Have you run the plug wires again to be sure they are correct? They are easy to mix up on a SB Mopar.
 
I worked on a car over summer that behaved as described exactly. Engine would not tolerate ANY
preload on hyd lifters. Adjusted to 0 clearance ran fine. Lifters were Comp Cams Race Hyd.
Engine was SBC. Replaced lifters with "standard" type. All is well. Cam companies claim to make
their own lifters, but I have my doubts. I think those "race" lifters were probably a run of parts
that were machined improperly in a third world country, bought at a bargain price, and
marketed as a "race" part. Waddaya think? Am I crazy?
 
I think compession test would have seen that, though

That's what I assumed as well when I suggested the rocker adjustment. Although it doesn't hurt to double and triple check things like that in cases like this.

Somethings obviously not happy.
 
Start simple. Check wire routing to ensure the correct wire is on its coresponding plug.
 
Well, you installed an MSD box asking for hotter spark, yet the plugs aren't capable of the hotter spark due to the .035 gap.

Have you run the plug wires again to be sure they are correct? They are easy to mix up on a SB Mopar.
I have checked the firing order too many times. Lol
 
Am I the first to notice that the 2 spark plugs in question also have 'dirtier' looking threads on them? I had a problem with my spark plugs seating on my 408. I could actually see soot on the ends of my spark plug boots. At first I thought it was coming off of the exhaust but when I looked closely I could see that it was only the plugs (and the end of my spark plug boots) themselves that showed soot.
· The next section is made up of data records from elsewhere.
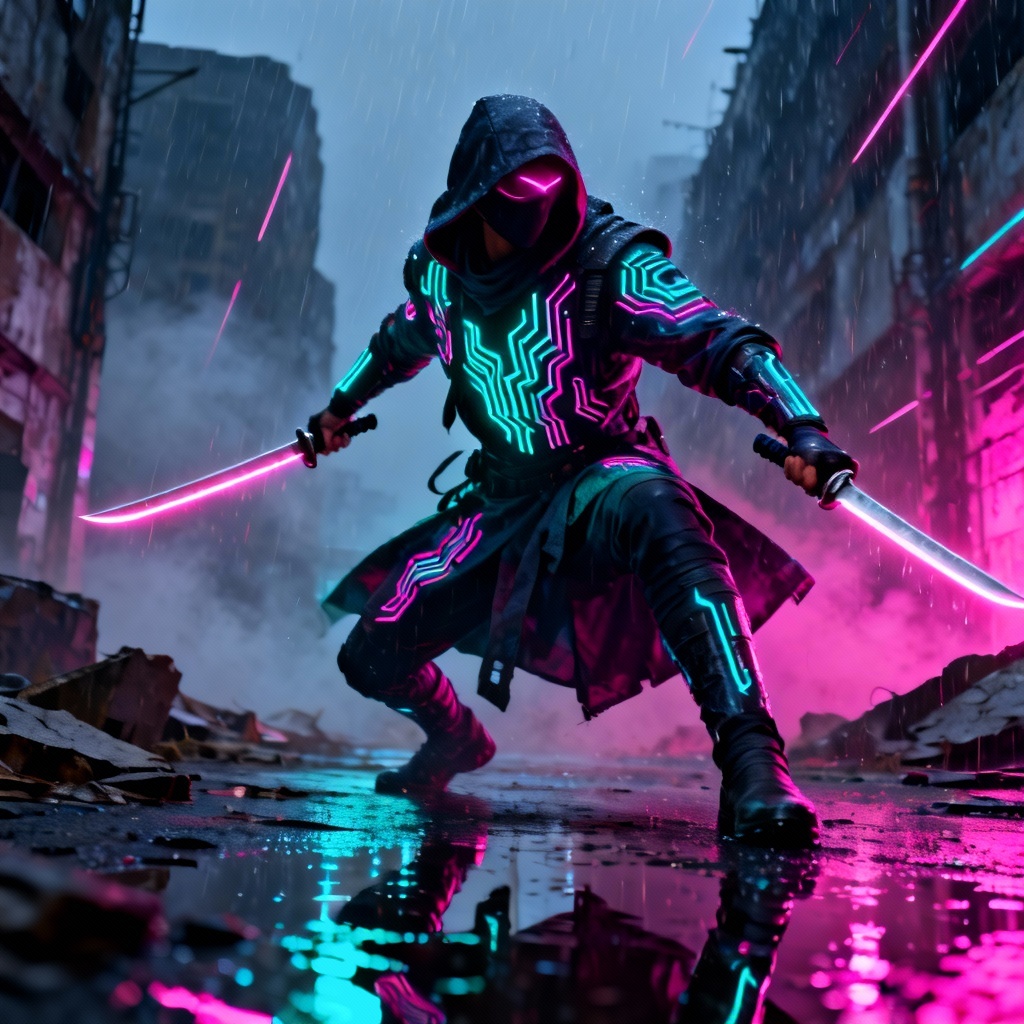 AI cyberpunk rogue adventurer in neon ruins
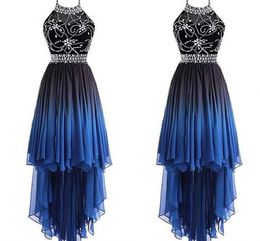 Gradient Chiffon Hi Lo Prom Party Dresses Beading Crystal Draped Halter Open Back Formal Evening Gowns Graduation Dress Pageant Dresses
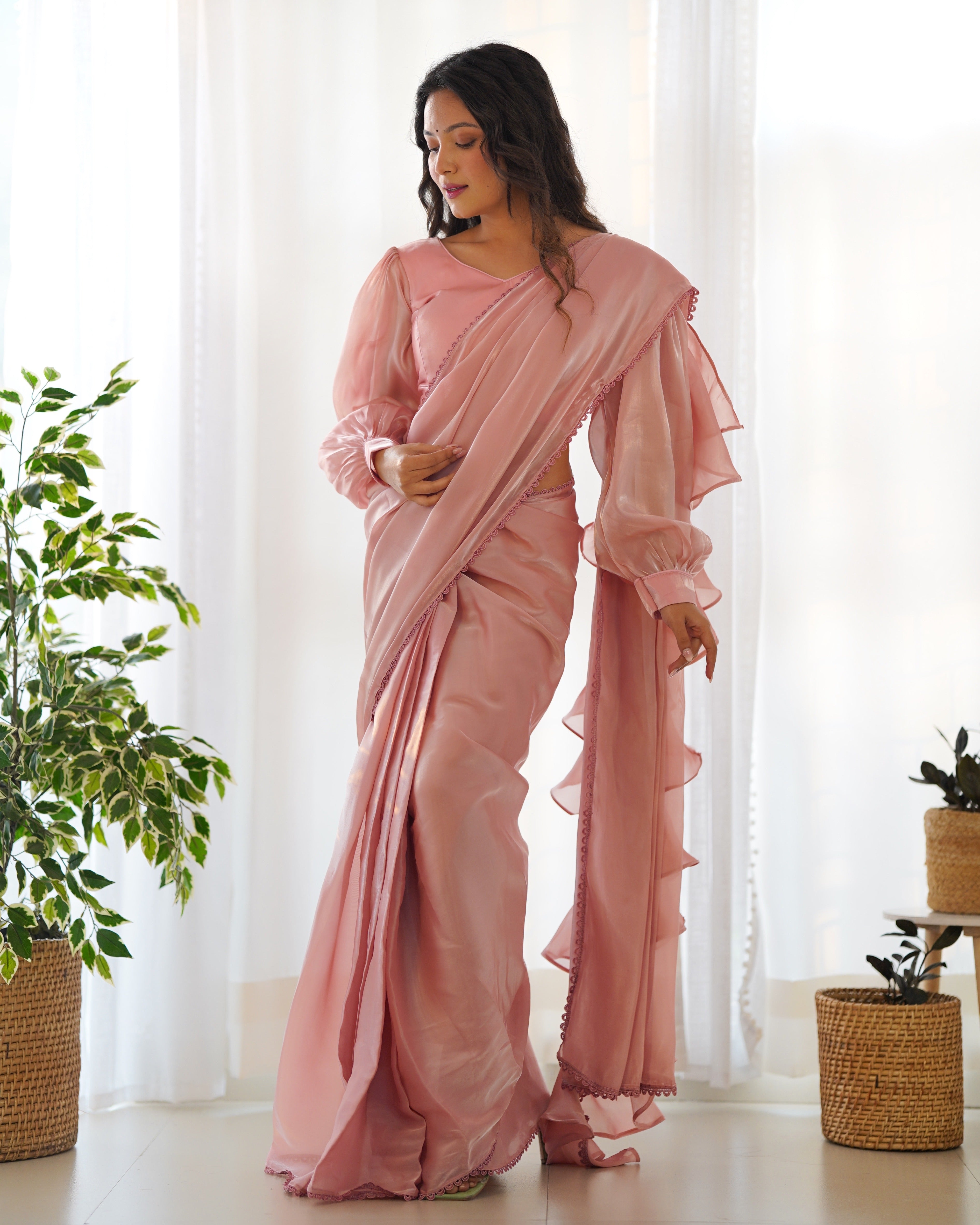 Pink Partywear Wedding Ruffle Saree & Blouse Stitch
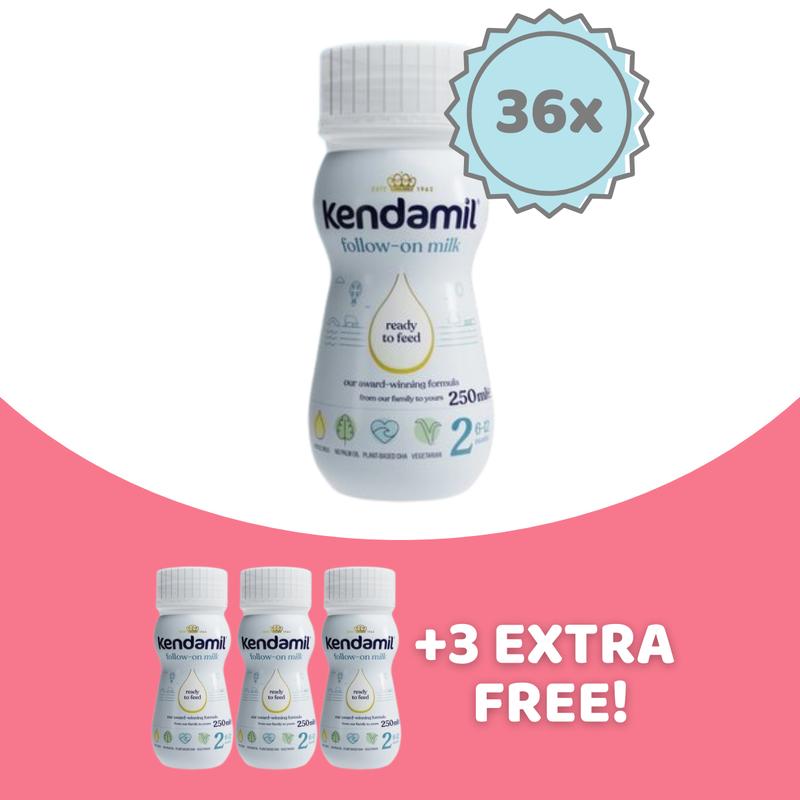 Kendamil Ready to Feed Stage 2 (6+ Months) Follow-on Milk Formula (250ml) - 36 Bottles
View attachment IMG_1795.jpg

I switched to a tapered plug design and the problem (which was similar to yours) went away.

Some of my plugs had no issues, but I had a few that would foul. I started out running
ACCEL Copper Core 784 plugs and switched to
CHAMPION Copper PlusRS12YC.
 
How many miles on this new motor?

How many times/miles have you changed the plugs since first starting the new motor?
 
Something else came to mind. One time I wired the magnetic p/u wires from the Chry. dist. to
MSD box backwards and motor ran funky. Possible?
 
Something else came to mind. One time I wired the magnetic p/u wires from the Chry. dist. to
MSD box backwards and motor ran funky. Possible?[/QUOTE

Msd was installed when I still had the previous motor in it.
 
Am I the first to notice that the 2 spark plugs in question also have 'dirtier' looking threads on them? I had a problem with my spark plugs seating on my 408. I could actually see soot on the ends of my spark plug boots. At first I thought it was coming off of the exhaust but when I looked closely I could see that it was only the plugs (and the end of my spark plug boots) themselves that showed soot.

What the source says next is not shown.